Correlation Between HUTCHISON TELECOMM and SOLSTAD OFFSHORE
Can any of the company-specific risk be diversified away by investing in both HUTCHISON TELECOMM and SOLSTAD OFFSHORE at the same time? Although using a correlation coefficient on its own may not help to predict future stock returns, this module helps to understand the diversifiable risk of combining HUTCHISON TELECOMM and SOLSTAD OFFSHORE into the same portfolio, which is an essential part of the fundamental portfolio management process.
By analyzing existing cross correlation between HUTCHISON TELECOMM and SOLSTAD OFFSHORE NK, you can compare the effects of market volatilities on HUTCHISON TELECOMM and SOLSTAD OFFSHORE and check how they will diversify away market risk if combined in the same portfolio for a given time horizon. You can also utilize pair trading strategies of matching a long position in HUTCHISON TELECOMM with a short position of SOLSTAD OFFSHORE. Check out your portfolio center. Please also check ongoing floating volatility patterns of HUTCHISON TELECOMM and SOLSTAD OFFSHORE.
Diversification Opportunities for HUTCHISON TELECOMM and SOLSTAD OFFSHORE
-0.2 | Correlation Coefficient |
Good diversification
The 3 months correlation between HUTCHISON and SOLSTAD is -0.2. Overlapping area represents the amount of risk that can be diversified away by holding HUTCHISON TELECOMM and SOLSTAD OFFSHORE NK in the same portfolio, assuming nothing else is changed. The correlation between historical prices or returns on SOLSTAD OFFSHORE and HUTCHISON TELECOMM is a relative statistical measure of the degree to which these equity instruments tend to move together. The correlation coefficient measures the extent to which returns on HUTCHISON TELECOMM are associated (or correlated) with SOLSTAD OFFSHORE. Values of the correlation coefficient range from -1 to +1, where. The correlation of zero (0) is possible when the price movement of SOLSTAD OFFSHORE has no effect on the direction of HUTCHISON TELECOMM i.e., HUTCHISON TELECOMM and SOLSTAD OFFSHORE go up and down completely randomly.
Pair Corralation between HUTCHISON TELECOMM and SOLSTAD OFFSHORE
Assuming the 90 days trading horizon HUTCHISON TELECOMM is expected to under-perform the SOLSTAD OFFSHORE. In addition to that, HUTCHISON TELECOMM is 2.35 times more volatile than SOLSTAD OFFSHORE NK. It trades about -0.08 of its total potential returns per unit of risk. SOLSTAD OFFSHORE NK is currently generating about 0.09 per unit of volatility. If you would invest 336.00 in SOLSTAD OFFSHORE NK on October 20, 2024 and sell it today you would earn a total of 10.00 from holding SOLSTAD OFFSHORE NK or generate 2.98% return on investment over 90 days.

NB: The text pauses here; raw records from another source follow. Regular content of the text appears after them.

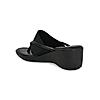 ROCIA Black Women Casual Wedges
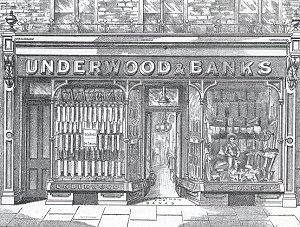 Underwood & Banks, 41, High Street, Bedford. Wholesale and retail clothiers, tailors, hatters and general outfitters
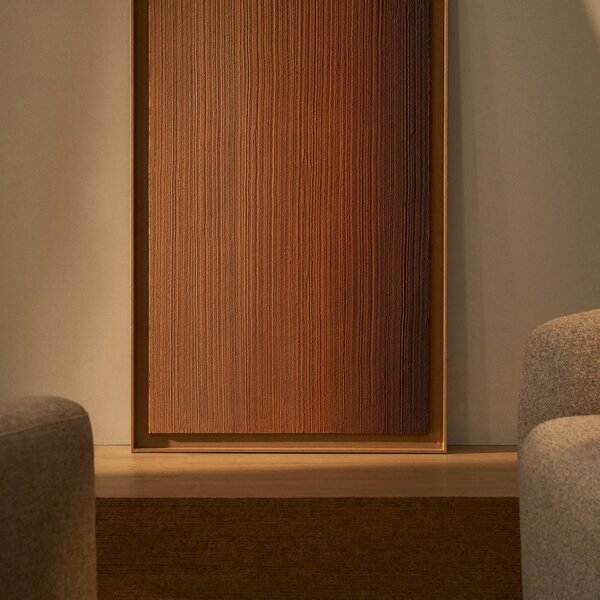 Kave Home Oranžový abstraktní obraz Breon 85 x 150 cm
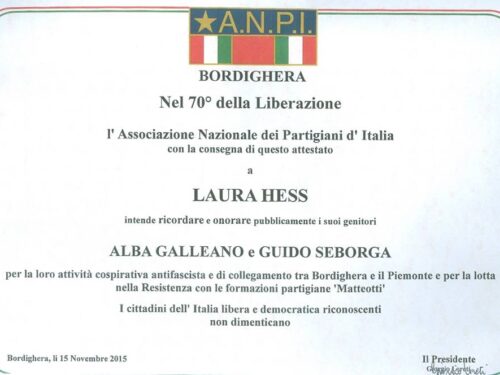Alba Galleano, intellettuale antifascista tra Bordighera (IM) ed il Piemonte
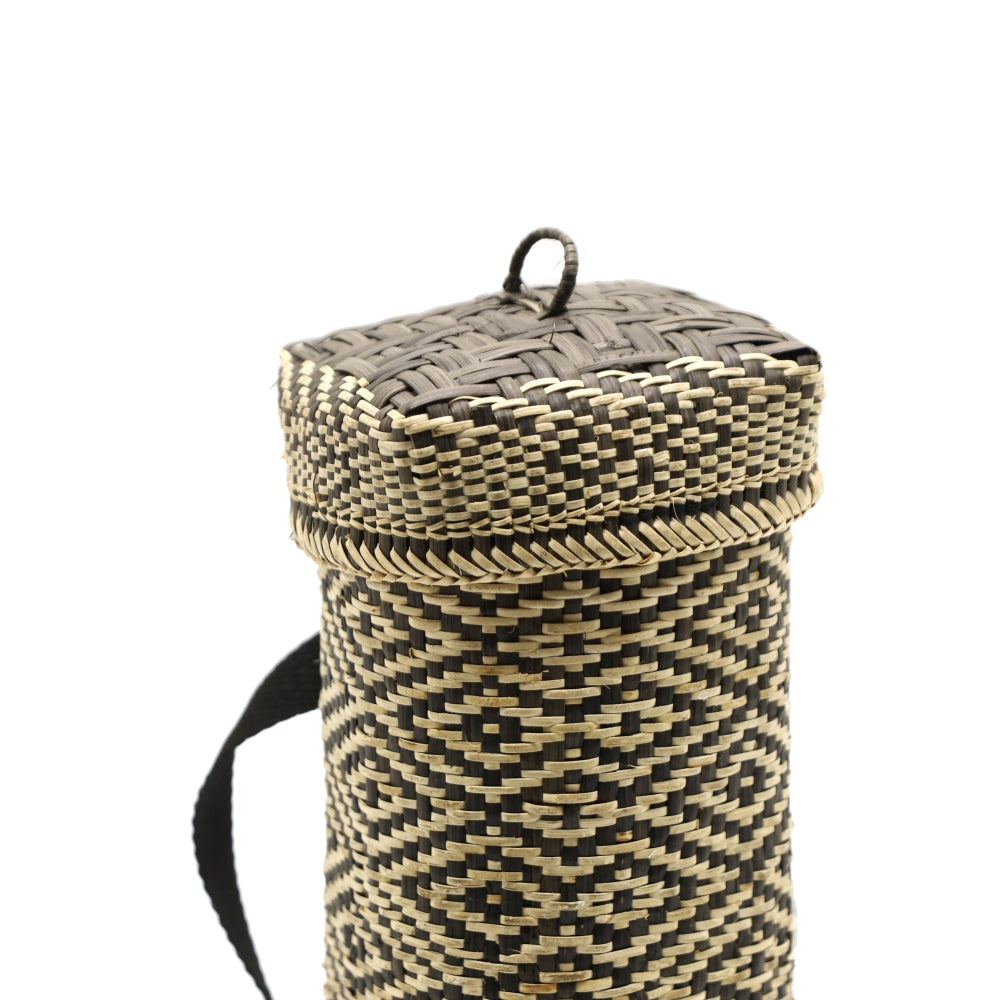 Bamboo Weave Water Bottle Holder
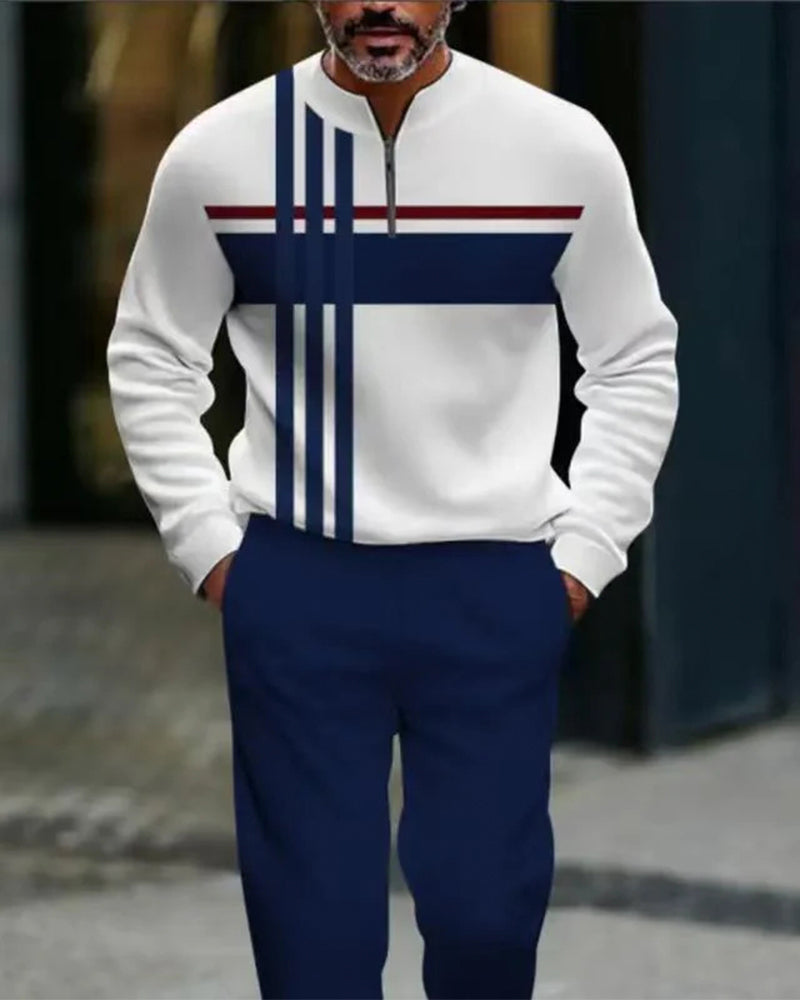 Half Zip Men's Lounge Set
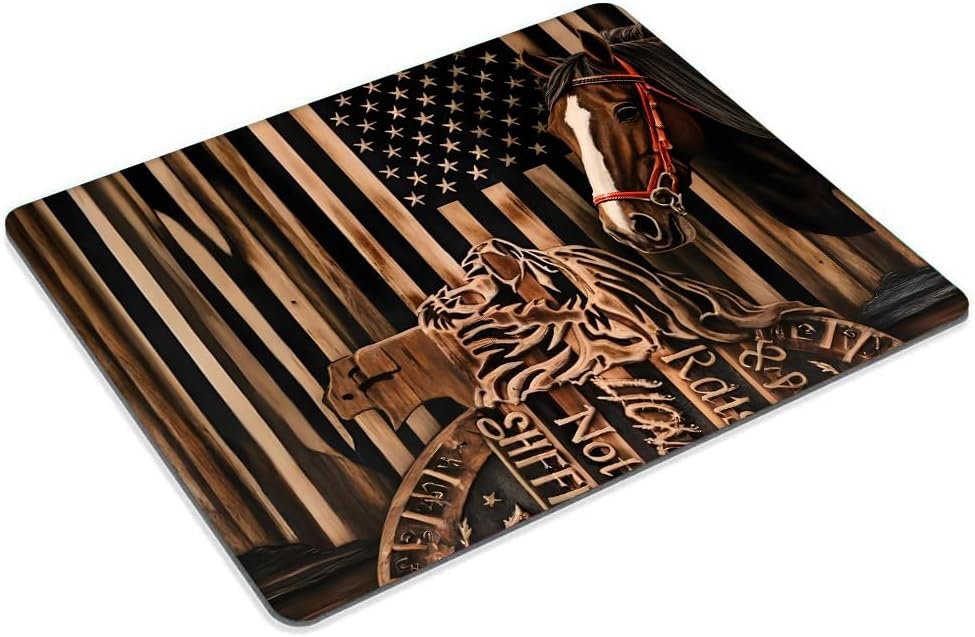 Horse, National Flag Mouse pad Customized Mousepad Non-Slip Rubber Base Mouse Pads for Computers Laptop Office Desk Accessories Mouse pad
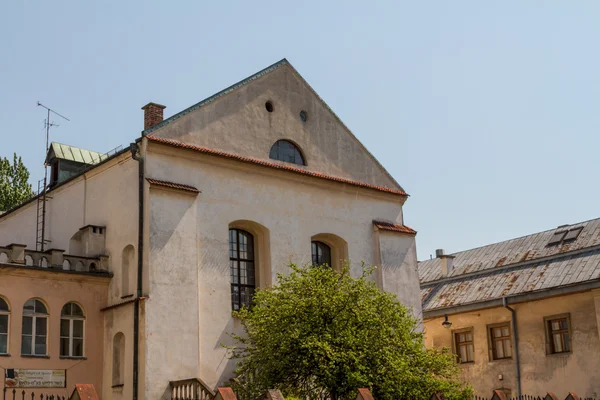 Gamla synagogan izaaka i kazimierz-distriktet i Kraków, Polen — Stockfoto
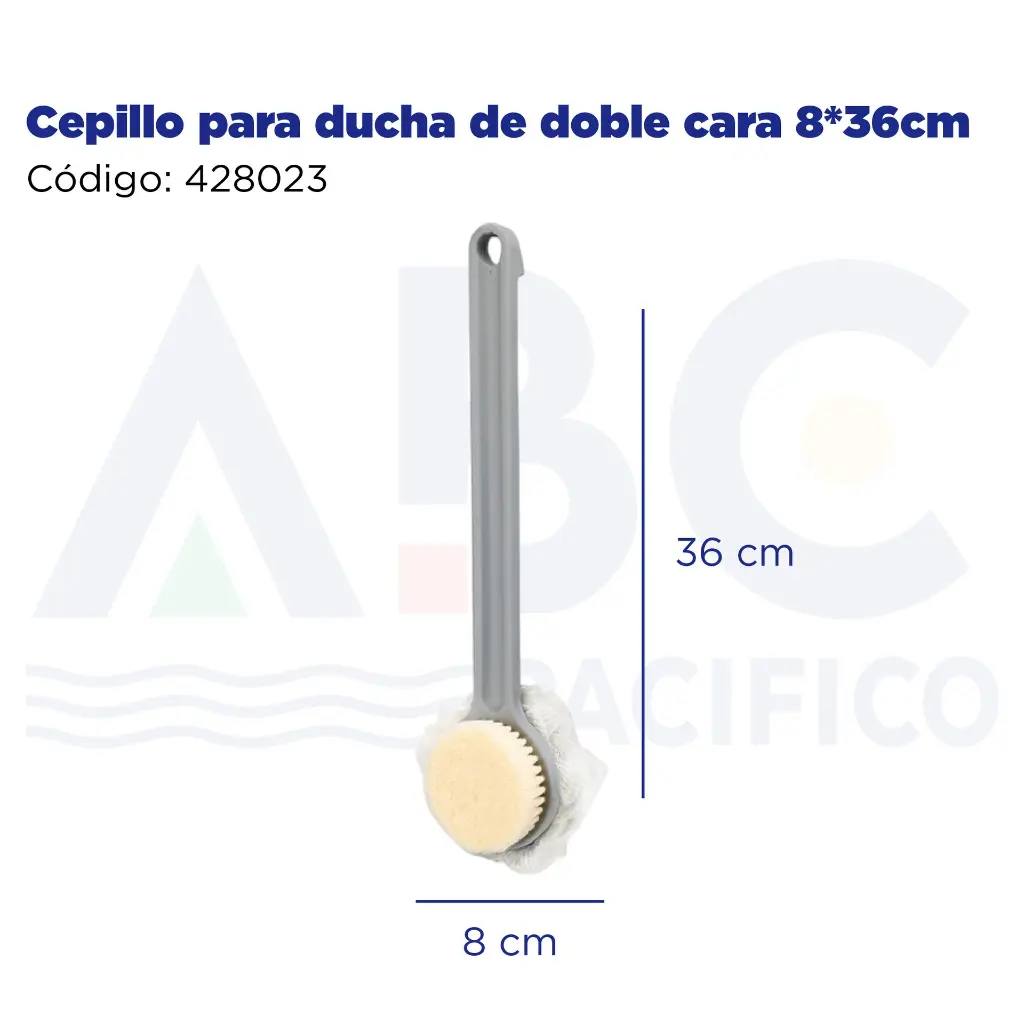 Cepillo para ducha de doble cara 8*36cm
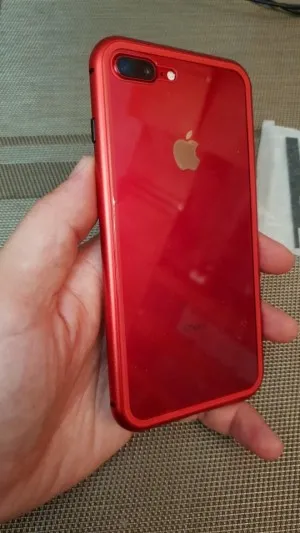 Coque magnétique de luxe en métal pour iPhone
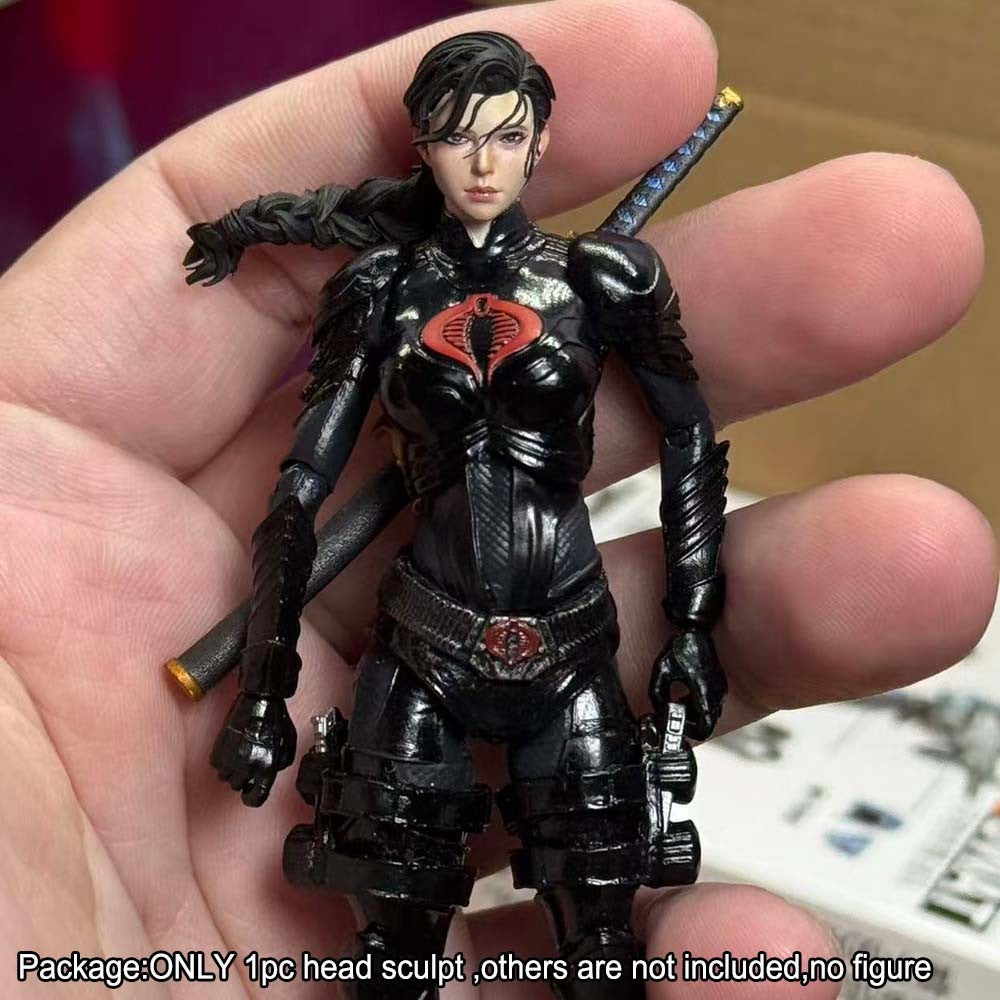 【PRE-ORDER】Premium 1/18 Swordswoman female knight-errant Head Sculpt Model For 3.75" Figure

Time Period | 3 Months [change] |
Direction | Moves Against |
Strength | Insignificant |
Accuracy | 94.44% |
Values | Daily Returns |
HUTCHISON TELECOMM vs. SOLSTAD OFFSHORE NK
Performance |
Timeline |
HUTCHISON TELECOMM |
SOLSTAD OFFSHORE |
HUTCHISON TELECOMM and SOLSTAD OFFSHORE Volatility Contrast
Predicted Return Density |
Returns |
Pair Trading with HUTCHISON TELECOMM and SOLSTAD OFFSHORE
The main advantage of trading using opposite HUTCHISON TELECOMM and SOLSTAD OFFSHORE positions is that it hedges away some unsystematic risk. Because of two separate transactions, even if HUTCHISON TELECOMM position performs unexpectedly, SOLSTAD OFFSHORE can make up some of the losses. Pair trading also minimizes risk from directional movements in the market. For example, if an entire industry or sector drops because of unexpected headlines, the short position in SOLSTAD OFFSHORE will offset losses from the drop in SOLSTAD OFFSHORE's long position.HUTCHISON TELECOMM vs. Apple Inc | HUTCHISON TELECOMM vs. Apple Inc | HUTCHISON TELECOMM vs. Apple Inc | HUTCHISON TELECOMM vs. Apple Inc |
SOLSTAD OFFSHORE vs. HUTCHISON TELECOMM | SOLSTAD OFFSHORE vs. Chengdu PUTIAN Telecommunications | SOLSTAD OFFSHORE vs. Cairo Communication SpA | SOLSTAD OFFSHORE vs. Shenandoah Telecommunications |
Check out your portfolio center.Note that this page's information should be used as a complementary analysis to find the right mix of equity instruments to add to your existing portfolios or create a brand new portfolio. You can also try the Watchlist Optimization module to optimize watchlists to build efficient portfolios or rebalance existing positions based on the mean-variance optimization algorithm.